The wake side calls `Scheduler::wake_ref(ref)` which transitions
HwState::Blocked → HwState::Ready and re-marks the slot's
`non_empty_runnable` mask. FIFO queues for each blocking object
(`cs_waiters[cs_ptr]` etc) live in `kernel-state.rs` style data.
Key property: parking + waking is deterministic per (host run, input),
because every cross-thread interaction goes through the Scheduler
which has no host-OS dependency.
## 5. rtl_enter_critical_section (exports.rs:2886-2946)
Re-read for Phase C+23 verification. Branches:
1. `owner == 0 || !owner_is_live` → claim uncontended.
2. `owner == current_tid` → recursive bump.
3. otherwise → push self onto `cs_waiters[cs_ptr]`, `park_current(BlockReason::CriticalSection(cs_ptr))`.
**No spin loop.** Goes straight to park. This is the deliberate
asymmetry vs canary's `cs->header.absolute*256` spin. Documented and
intentional — adding spin to ours would not help; the only way ours
"contends" is if a peer thread has the lock at the exact moment
ours's tid=1 reaches the call.
In the boot region around event 104,604, ours tid=1 is the only
runnable thread on slot 0 — no peer is even Ready to take the CS
first. So ours invariably fast-paths.
## 6. Contention manifest loader (contention_manifest.rs)
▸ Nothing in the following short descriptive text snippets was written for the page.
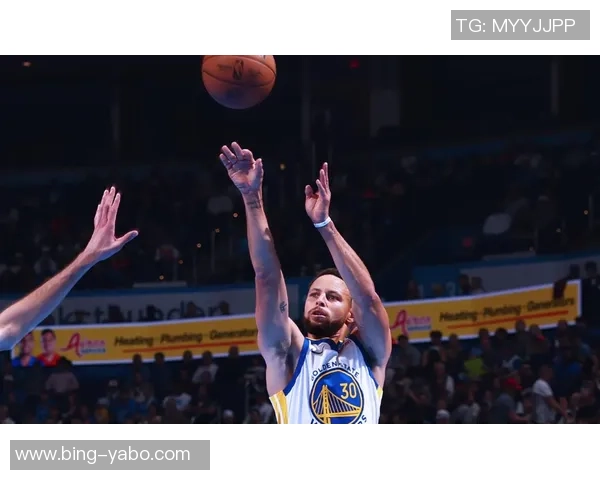 库里强调年轻球员的重要性呼吁全队以积极能量共同努力争胜 库里强调年轻球员的重要性呼吁全队以积极能量共同努力争胜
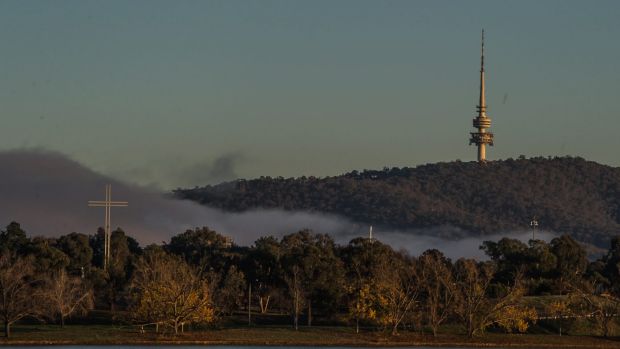 Fog on the first day of winter 2017 in Canberra.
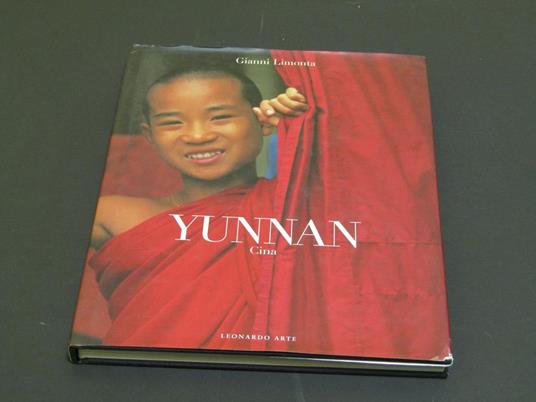 Yunnan Cina. Leonardo Arte. 2000 - I - Gianni Limonta - copertina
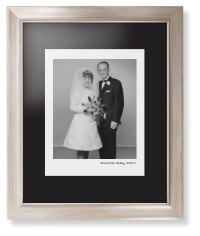 Modern Gallery of One Portrait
Phase D Stage 3 landed `crates/xenia-kernel/src/contention_manifest.rs`
(342 LOC) with `consume_at_peek(tid, peek_idx)` that translates ours's
per-tid idx back to canary's idx space (subtracts prior
`contention.observed` emits). `XENIA_CONTENTION_MANIFEST_PATH` env var
opts in. Per the Stage 3+4 result: replay-mode digest `1d7c6b45…`
stable × 3 cold runs, but main matched-prefix **still 104,607** — the
manifest's forced-contention entries fire at wrong logical positions
because the divergence is upstream of any contention event.
This is a critical input to C+23's recommendation: the Phase D
replay infrastructure is built and stable, but it does NOT unblock
the 104,607 cap. The actual cap-unblock came from the D-extension
diff-tool absorber (band-aid, Phase D 2026-05-18). The structural
fix never landed and has no clear next step.
## 7. Existing determinism guarantees
- Default-mode ours cold digest **`ba5b5e07…`** × 3 reproducible
(Stage 0 / Phase D baseline). Prior `e1dfcb15…` baseline is the
C+19 era constant; the Stage 0 emission tweak shifted it without
changing logic.
- Phase B `image_loaded_sha256 ea8d160e…` unchanged across all 23+
phases.
- All emitted Phase A events are stable on (input, cvars).
## 8. Mismatch surfaces with canary
| dimension | canary | ours |
|---|---|---|
| host threads | 1 per XThread | 1 total |
| inter-thread arbiter | host OS | Scheduler |
| RtlEnterCS spin | spin then wait | park immediately |
| Clock | wallclock (rdtsc) | fixed FILETIME `132_500_000_000_000_000` |
| Wait wakeup ordering | pthread_cond_broadcast race | FIFO `cs_waiters` |
| Yield primitive | host yield | `decrement_quantum` rotation |
Of these, the **clock** and the **wait wakeup ordering** are the
two surfaces beyond CS-contention where canary→ours divergence has
potential to surface. So far Sylpheed exercises them lightly: 2
KeQuerySystemTime calls, 34 wait.begin events total.
## 9. Existing scheduler cvars / lockstep modes
There is no `lockstep` cvar in ours. The closest mode is
`OrderMode::Fixed` (default), which produces a deterministic schedule
keyed entirely on the spawn/wake sequence. Replay via manifest is
opt-in via `XENIA_CONTENTION_MANIFEST_PATH`.
## 10. Implication: ours is the strict side
In any cross-engine deterministic-replay scheme, **ours has to bend
toward canary**, not the other way. Canary's host-OS scheduling
cannot be tamed without rewriting it (out of scope; would also
invalidate it as the oracle, since the "real" Xbox 360 wasn't
deterministic in this sense either). The Phase D plan's H'/H broad
landed Stages 1-4 of this bend — the engine infrastructure is built,
just not load-bearing for the 104,607 cap.